Writing test(s) for RSMCompare

  • First positional argument is the name of the test directory you created.
  • Second positional argument is the comparison ID from the JSON configuration file.

Writing test(s) for RSMSummarize

  • The only positional argument is the name of the test directory you created.
  • Set file_format="tsv" (or "xlsx") if you specified the same field in the configuration file.

Once you have added all new functional tests, commit all of your changes. Next, you should run nosetests --nologcapture to run all the tests. Obviously, the newly added tests will fail since you have not yet generated the expected output for that test.

To do this, you should now run the following:

python tests/update_files.py --tests tests --outputs test_outputs

This will copy over the generated outputs for the newly added tests and show you a report of the files that it added. If run correctly, the report should only refer to model files (*.model/*.ols) and the files affected by the functionality you implemented. If you run nosetests again, your newly added tests should now pass.

At this point, you should inspect all of the new test files added by the above command using to make sure that the outputs are as expected. You can find these files under tests/data/experiments/<test>/output where <test> refers to the test(s) that you added. Once you are satisified that the outputs are as expected, you can commit all the them.

Advanced tips and tricks

Here are some advanced tips and tricks when working with RSMTool tests.

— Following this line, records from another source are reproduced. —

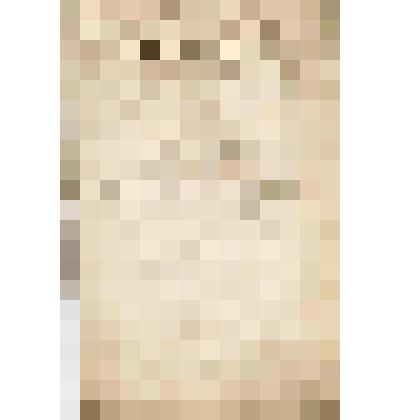 Отчет Василию Осиповичу Алину. По Якшинской пристани. По приему, отпуску, по нагрузке товаров и припасов в суда по открытию навигации, 1901 г, апрель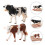 1 Conjunto 2 Peças Simulação Pasto Vaca 7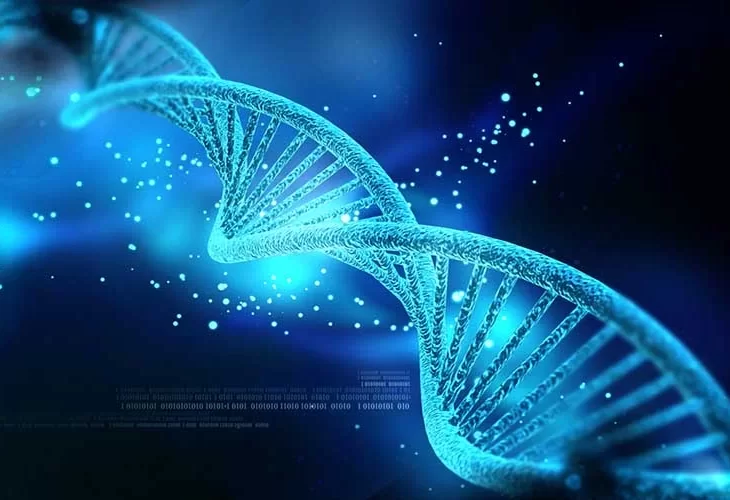 ה -DNA היהודי ברוב הדרו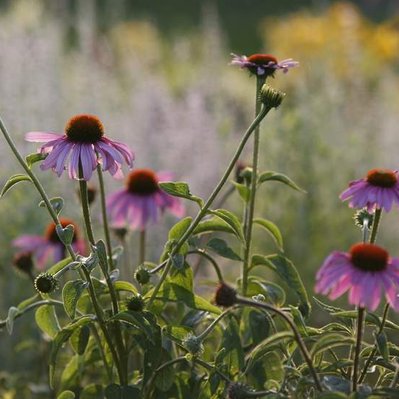 Backlit Echinacea purpurea glows in the evening light, its rich hues and striking forms adding depth to the naturalistic garden.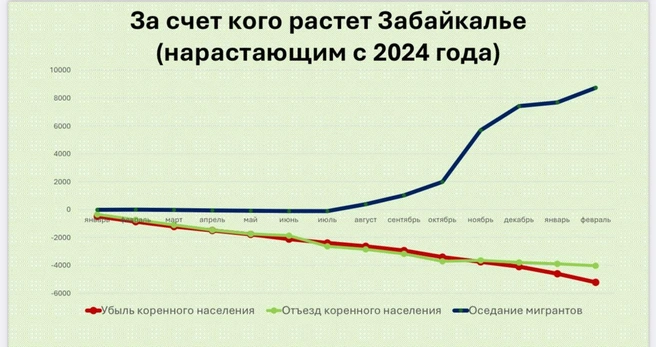 Красноярский показал поток мигрантов на графике | Источник: В попытке объективности / Telegram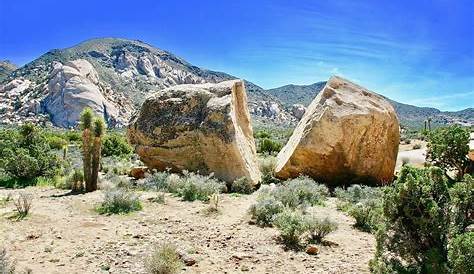 10 Cool Facts About Joshua Tree National Park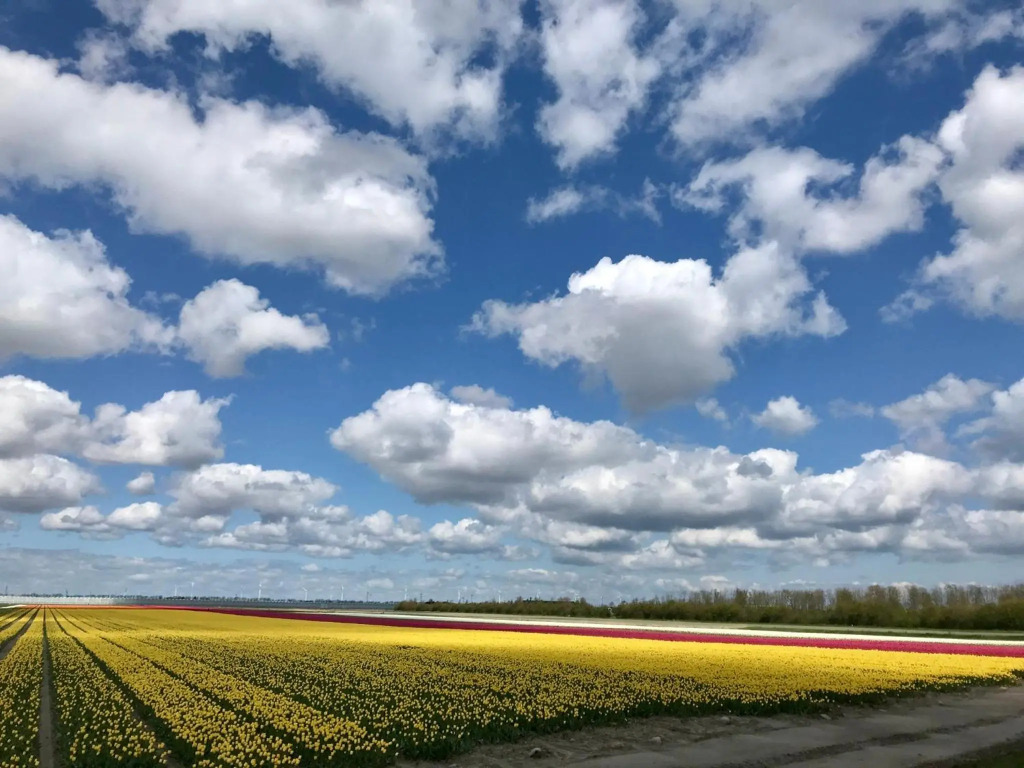 Landelijk gelegen vakantiewoning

  1. To run a specific test function in a specific test file, simply use nosetests --nologcapture tests/test_X.py:Y where test_X.py is the name of the test file, and Y is the test functions. Note that this will not work for parameterized tests. If you want to run a specific parameterized test, you can comment out all of the other param() calls and run the test_run_experiment_parameterized() function as above.
  2. If you make any changes to the code that can change the output that the tests are expected to produce, you must re-run all of the tests and then update the expected test outputs using the update_files.py command as shown above <update_files>.
  3. In the rare case that you do need to create an entirely new tests/test_experiment_X.py file instead of using one of the existing ones, you can choose whether to exclude the tests contained in this file from updating their expected outputs when update_files.py is run by setting _AUTO_UPDATE=False at the top of the file. This should only be necessary if you are absolutely sure that your tests will never need updating.

Footnotes


  1. For older versions of conda, you may have to do source activate rsmtool on Linux/macOS and activate rsmtool on Windows.